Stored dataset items
--- START ---

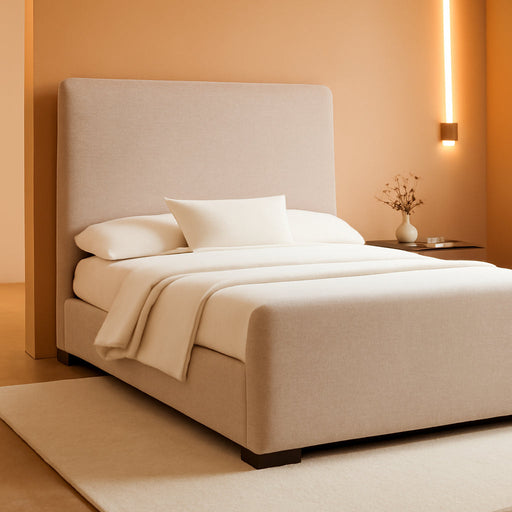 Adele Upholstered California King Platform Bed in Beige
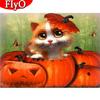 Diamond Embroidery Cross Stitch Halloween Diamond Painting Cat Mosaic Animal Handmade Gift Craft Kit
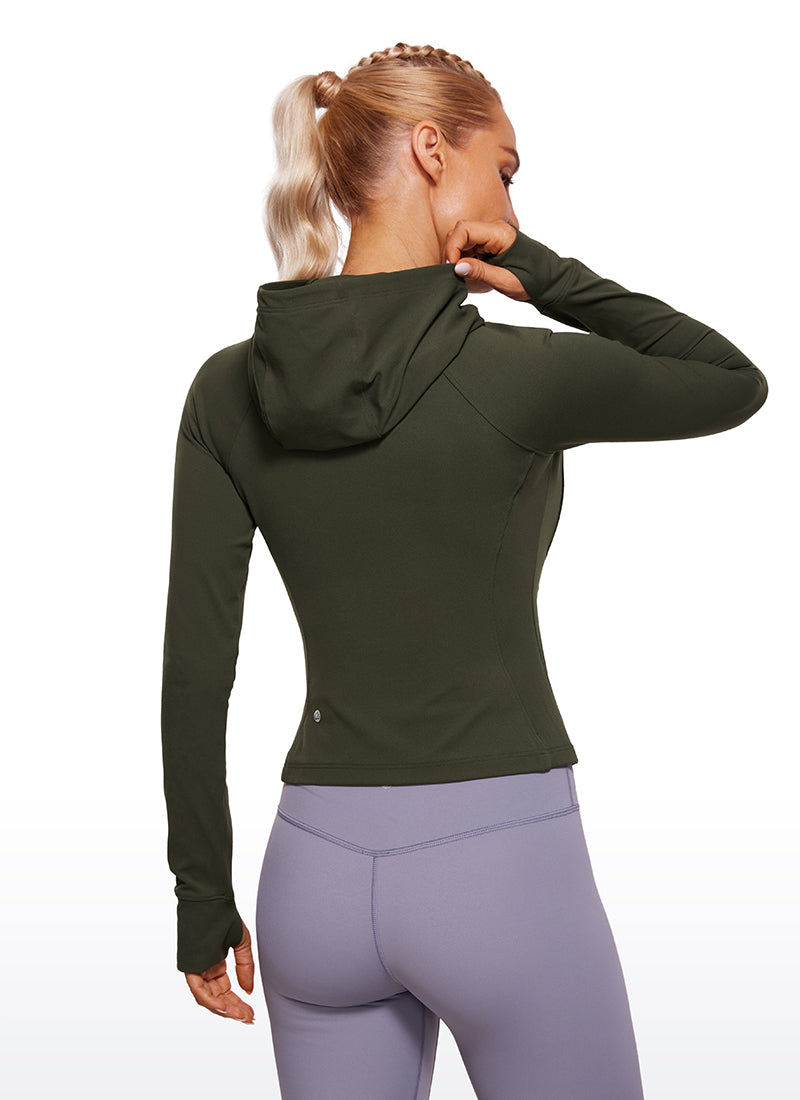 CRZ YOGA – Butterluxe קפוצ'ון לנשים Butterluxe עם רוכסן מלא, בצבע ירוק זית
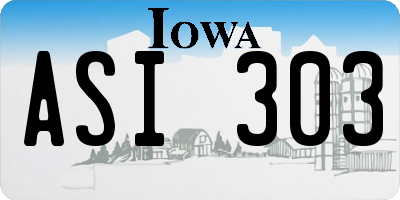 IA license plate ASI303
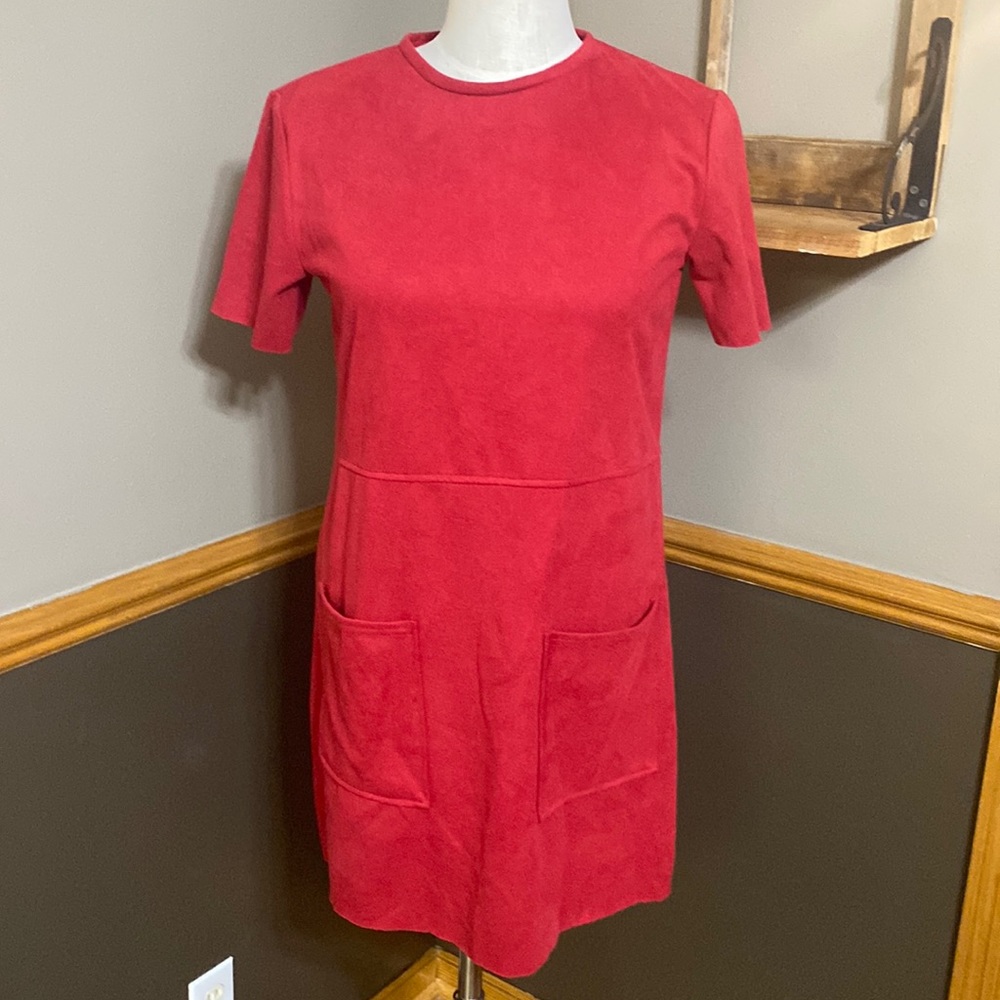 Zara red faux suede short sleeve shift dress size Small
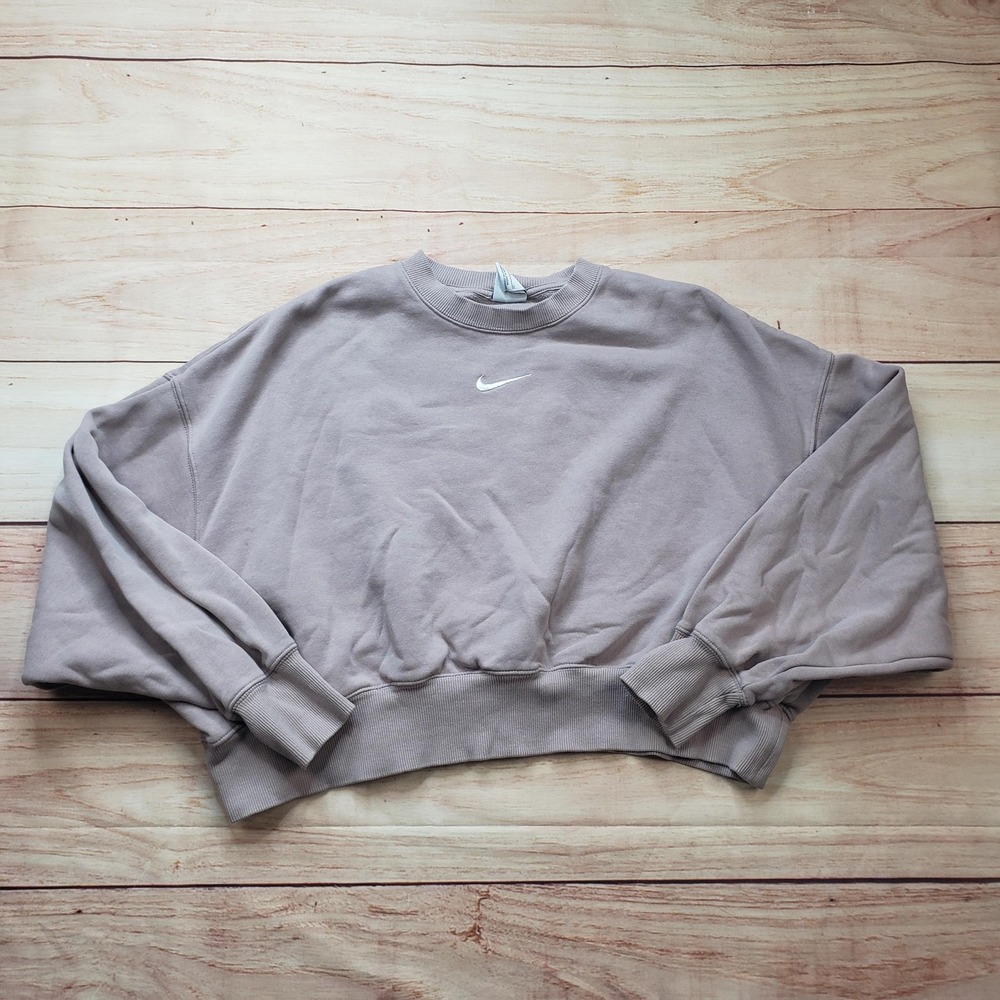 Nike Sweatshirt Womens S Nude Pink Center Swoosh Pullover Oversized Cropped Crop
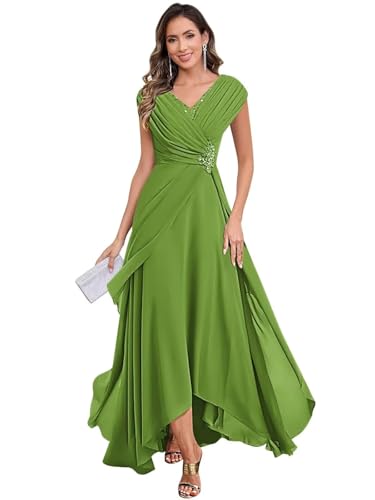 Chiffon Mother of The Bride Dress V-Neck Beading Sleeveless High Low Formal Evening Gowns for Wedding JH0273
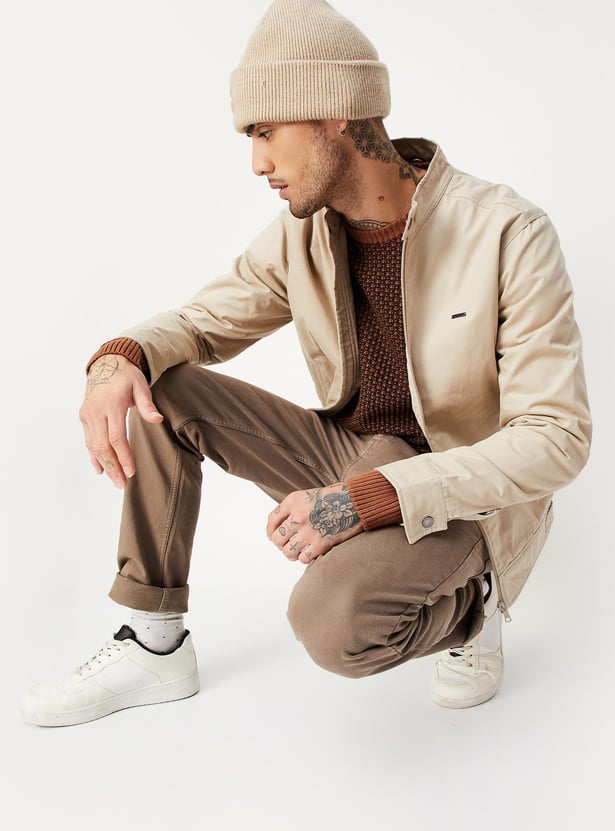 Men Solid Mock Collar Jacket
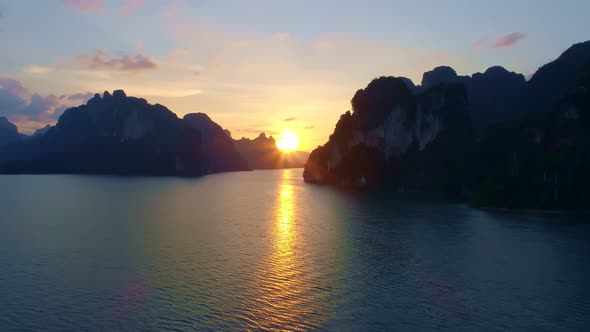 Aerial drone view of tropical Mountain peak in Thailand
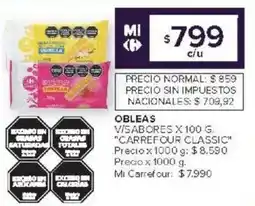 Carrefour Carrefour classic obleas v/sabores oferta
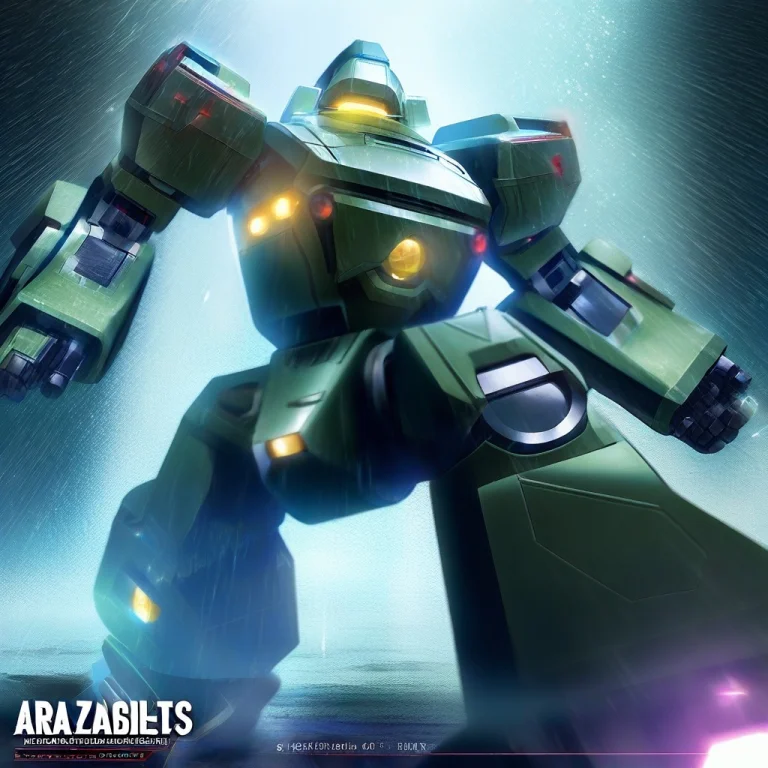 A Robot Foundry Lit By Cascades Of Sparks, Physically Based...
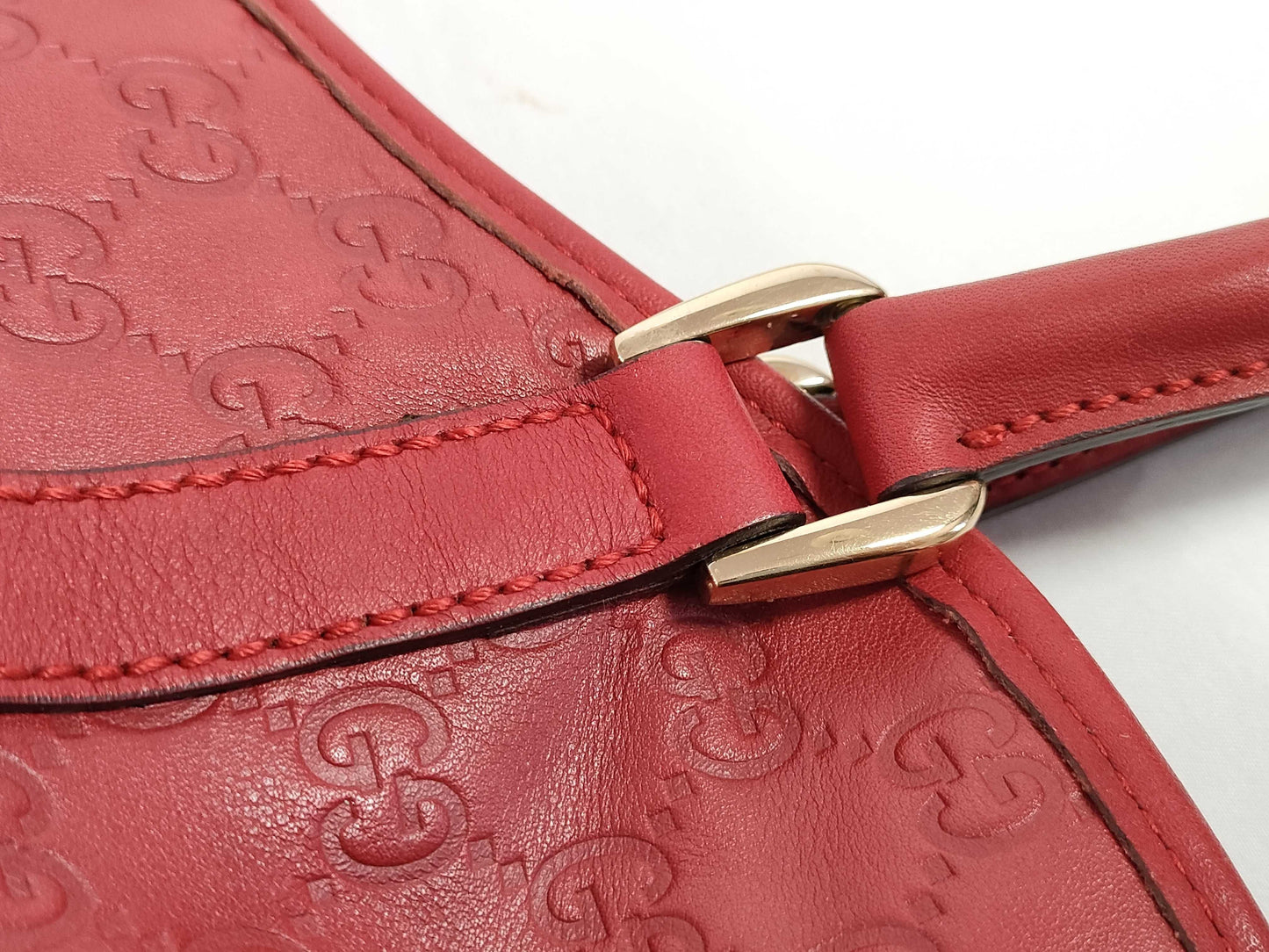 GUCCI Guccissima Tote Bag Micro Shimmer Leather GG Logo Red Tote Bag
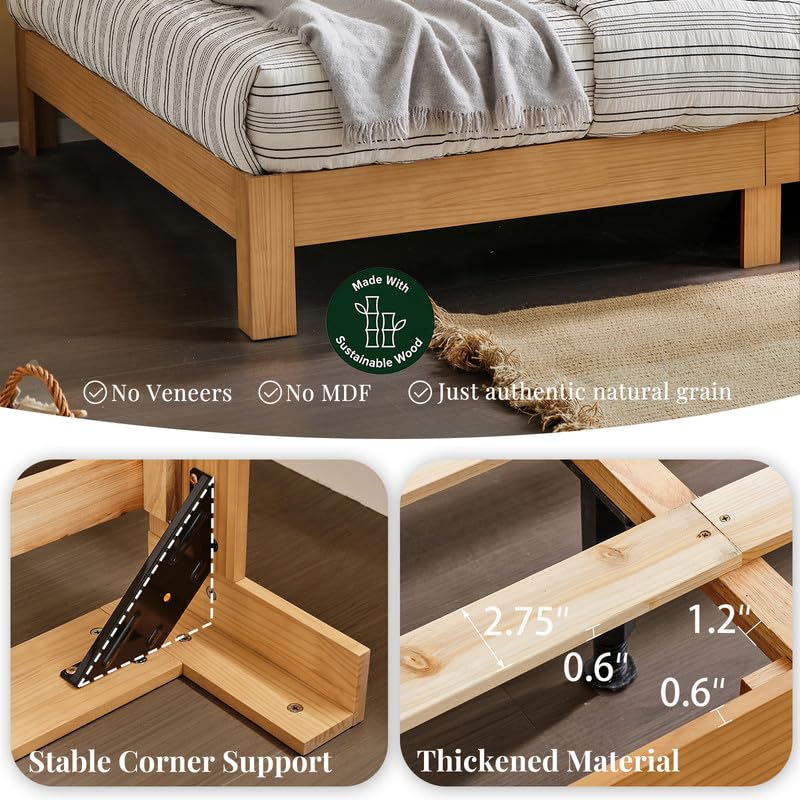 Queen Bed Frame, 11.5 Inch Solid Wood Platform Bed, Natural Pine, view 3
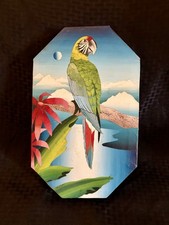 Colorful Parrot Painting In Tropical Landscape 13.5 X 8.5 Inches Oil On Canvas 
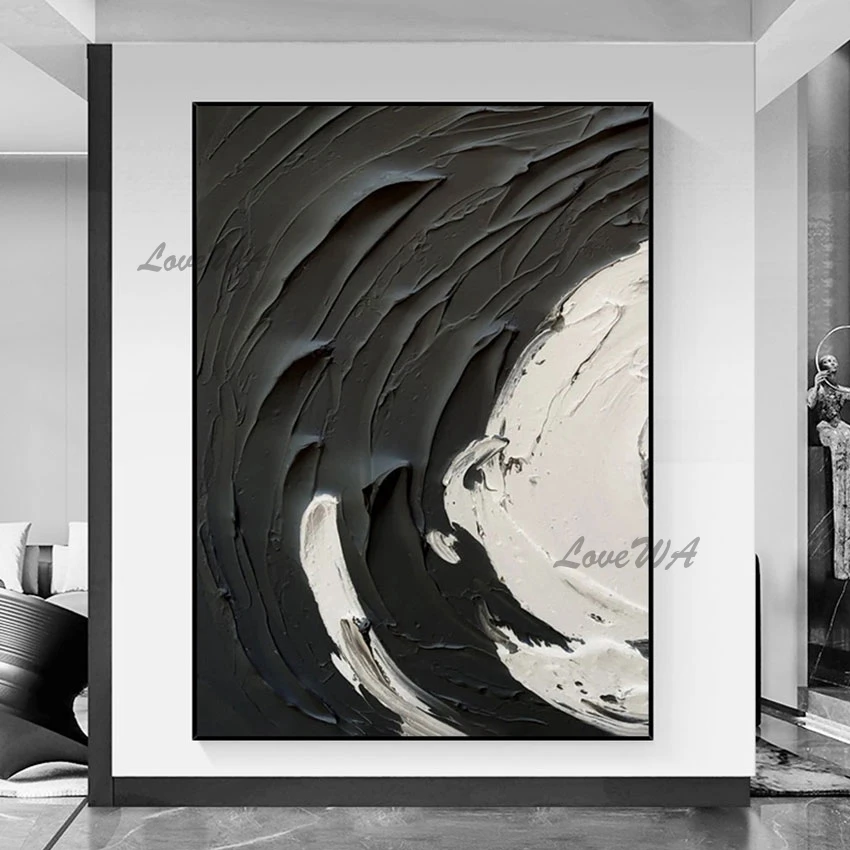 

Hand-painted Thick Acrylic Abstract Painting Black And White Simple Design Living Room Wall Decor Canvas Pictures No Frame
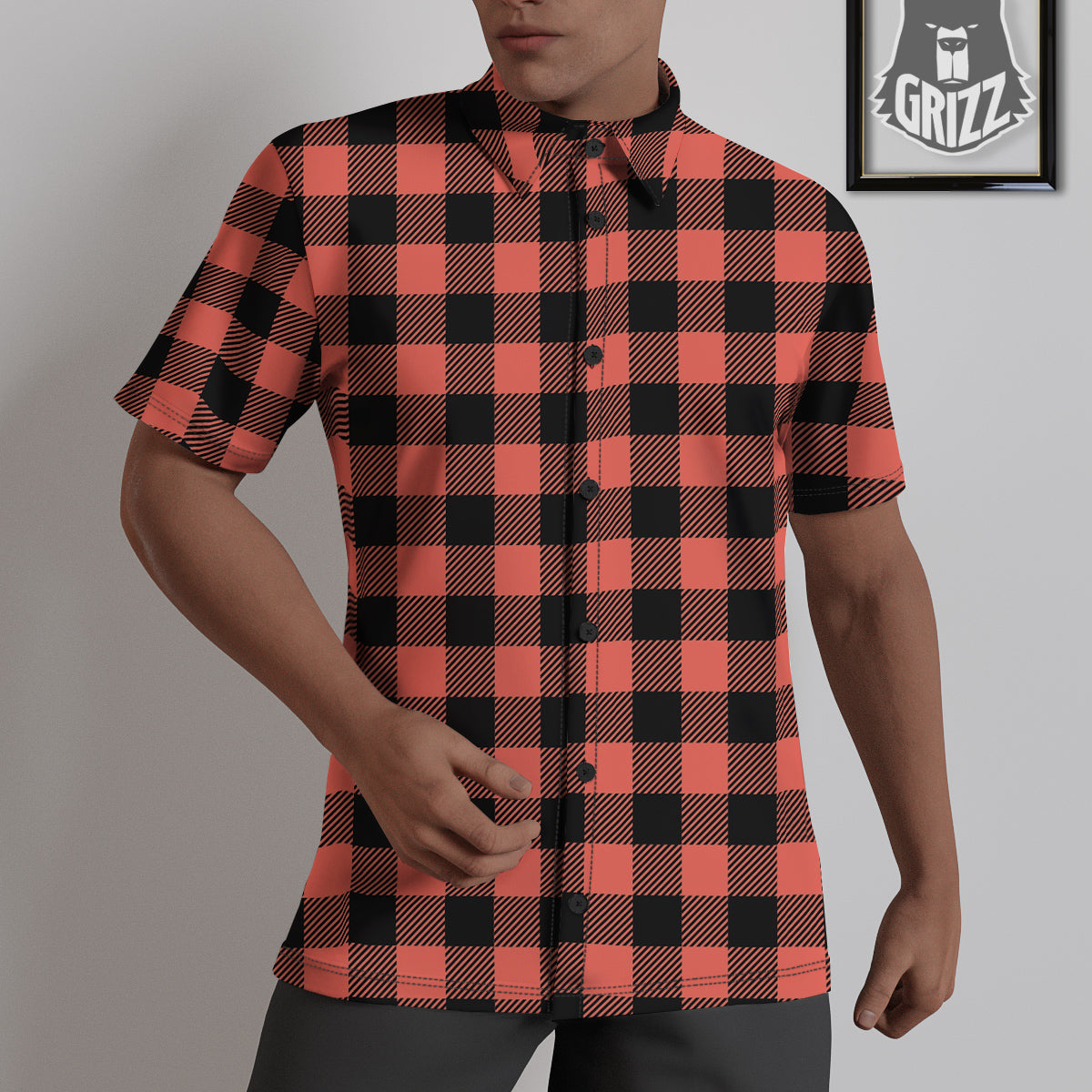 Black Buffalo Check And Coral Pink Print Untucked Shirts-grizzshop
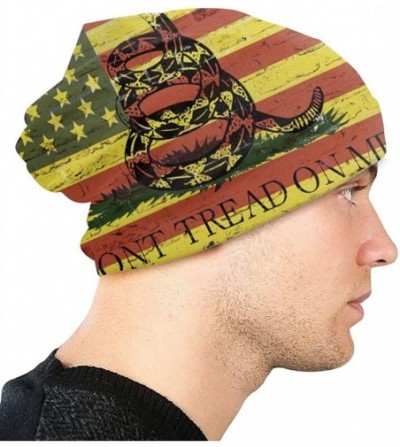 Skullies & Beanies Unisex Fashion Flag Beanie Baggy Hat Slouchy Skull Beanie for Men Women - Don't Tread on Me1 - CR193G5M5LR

--- END ---

§ **INSTRUCTIONS TO FOLLOW**
Restate, exactly as they appear, the line with "A Robot Foundry" and all the lines after it up to the end of the data above; images do not belong in the copy.

§ **FINAL ANSWER**
 A Robot Foundry Lit By Cascades Of Sparks, Physically Based...
 GUCCI Guccissima Tote Bag Micro Shimmer Leather GG Logo Red Tote Bag
 Queen Bed Frame, 11.5 Inch Solid Wood Platform Bed, Natural Pine, view 3
 Colorful Parrot Painting In Tropical Landscape 13.5 X 8.5 Inches Oil On Canvas 

Hand-painted Thick Acrylic Abstract Painting Black And White Simple Design Living Room Wall Decor Canvas Pictures No Frame
 Black Buffalo Check And Coral Pink Print Untucked Shirts-grizzshop
 Skullies & Beanies Unisex Fashion Flag Beanie Baggy Hat Slouchy Skull Beanie for Men Women - Don't Tread on Me1 - CR193G5M5LR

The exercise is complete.